When inserting an element at most one (single or double) rotation is needed, at the lowest point where the tree is out of balance. After rotation the height of that subtree is the same as in the original subtree, so all nodes upwards are balanced. See the answer by colleague Raphael to "Does the rebalancing propagate upwards only to update the height of the nodes in an AVL tree?"

picture: originaly the balance at node $p$ equals $-1$ (left subtree one deeper than right subtree). After insertion in the left subtree the balance is now $-2$. Then rebalancing at $p$ will restore the balance at the root to $0$, while at the same time the heigth of the tree at new root $q$ is now the same as for the original tree. This means that all balance factors above will not change.

rebalance AVL tree

When deleting occurs, one is not always that lucky. Rotation does not necessarily restore the original tree height, so the tree has to be updated at other levels higher up in the tree.

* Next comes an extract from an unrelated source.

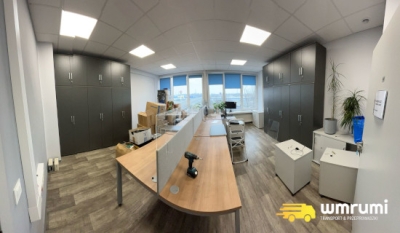 Relokacja czyli przeprowadzka biura - Katowice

Worst case trees are those which are minimal AVL trees, meaning with no node can be removed without violating the AVL property. There you might have to rotate every level, thus a logarithmic number of times.

picture: an AVL tree of "Fibonacci" type. Deleting the node marked "X" results in unbalance at $11$. Rebalancing at $11$ leads to a tree that is shorter than the original tree, and we get an new imbalance at the root. Another rotation will solve that problem. Note that again the resulting tree is shorter than the original one, so this would propagate to levels above.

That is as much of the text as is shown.